Explain how read performance changes in the presence of a cache
Observe the effects of the differt caches available in libraries and the operating system
Build a simple read cache.
Comfortably Tackle Assignment 3

On Thursday you observed the effects that caching makes when we write files. Today, we will first observe the effects of caching on reads, and then we'll build our own simple cache. The techniques and even some of the code you write today should help you get started with assignment 3.

Getting Started

Today's code is in cs61-exercises/l10. When you first type make you should see all the r0N benchmarks build, but you'll get complaints that r01-cache and randcache don't build. That's fine.

You will find a collection of read benchmarks named r01-r09. Each one will read the file data and print out performance numbers. (Ignore randread for now.) First, use diff to determine how the benchmarks are different. (You will undoubtedly want to compare byte benchmarks to byte benchmarks and block benchmarks to block benchmarks.) Then predict how the performance of each benchmark will compare to the others given the differences you've observed -- force yourself to make comparisons between diferent variations of byte benchmarks, between byte and block benchmarks, and between any others where you might reasonably be able to form a decent hypothesis. Write down your predictions in a file named analysis.txt. Finally, run each benchmark, recording the final performance. IMPORTANT: You should run sudo ./dropcaches before each test. This program causes the operating system to clear out its file cache, so that each benchmark starts in the same state. What do you suppose would happen if you didn't do this? (Put that answer in your analysis.txt file too.)

Based on the results you obtained above, formulate hypotheses about how the stdio and file system buffer caches work. (You need write only a couple of sentences, but indicate which benchmark results you used to make your hypotheses.)

Building a Cache

Next, we're going to see if you can build a cache that will make r01-byte.c perform as well as r05-stdiobyte.c.

Hacker Edition

If you are feeling confident about all this material and want a real challenge; stop reading here and go to town building a cache. The only change you may make to r01-byte.c is to change the read(fd, buf, 1) and open("data", O_RDONLY) calls to call your routines. OK, that's a bit of an overstatement -- you may also change the error message and add include statements. Your read equivalent must return the next byte in the file.
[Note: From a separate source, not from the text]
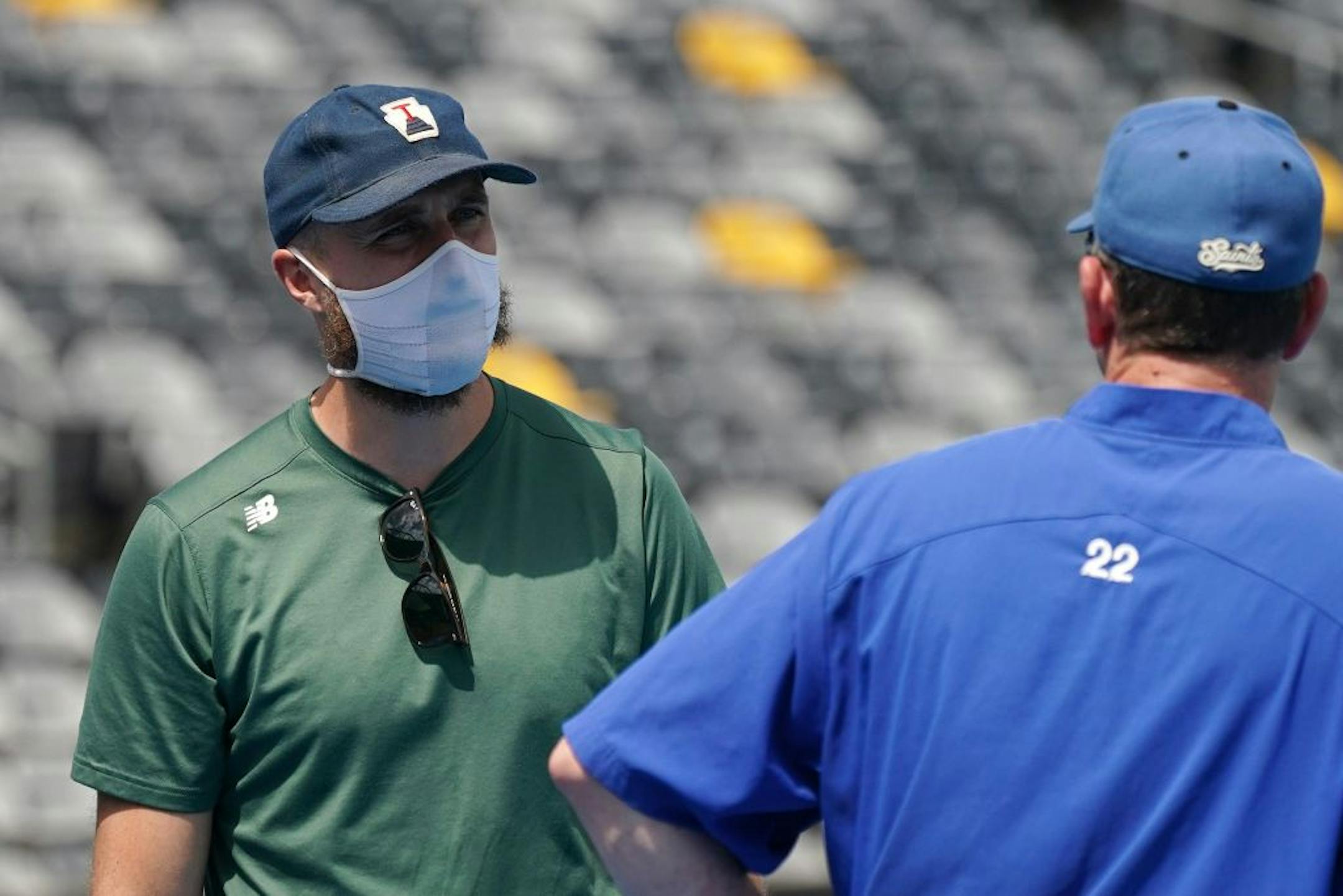 Minnesota Twins manager Rocco Baldelli spoke with Saints manager George Tsamis during a practice at CHS Field. The Saints aren't being allowed to play games there, so they will play home games in Sioux Falls.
You should build your cache so that it can effectively handle the workload in randread.

Standard Edition

Don't worry if you don't feel prepared to tackle this without any guidance -- that's what we are here for. You will be able to do this -- just follow our advice below. Pay attention to the methodology we use walking through this implementation. At each step, we strive to have a working system that you can test to make sure it's doing what you think. We encourage you to approach your problem sets this way. All too often, it is tempting to write a large pile of code and only when you've written more code than you can possibly keep in your brain are you ready to build it and see if it works. Instead, try making small incremental changes that you can test as you go.
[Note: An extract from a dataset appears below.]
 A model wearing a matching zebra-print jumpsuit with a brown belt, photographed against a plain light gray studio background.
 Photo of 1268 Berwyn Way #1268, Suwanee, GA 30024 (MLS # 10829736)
You will notice that we've created two files for you: cache.c and cache.h. In these files, we've declared two functions, cache_file_open and cache_file_read, that replace the open and read system calls. Start by:

Recording the performance you get before modifying r01-byte.c.
Copying r01-byte.c to r01-cache.c.
Modifying r01-cache.c to call the caching routines instead of the system calls.
Building r01-cache and making sure it runs (since the cache routines currently do nothing, you'll get 0 bytes read -- that's fine).

Let's start by making our caching version behave identically to the original program. How would you do that? Implement that and make sure you get nearly the same performance from r01-byte and r01-cache (Don't forget to run dropcaches before running any benchmark.)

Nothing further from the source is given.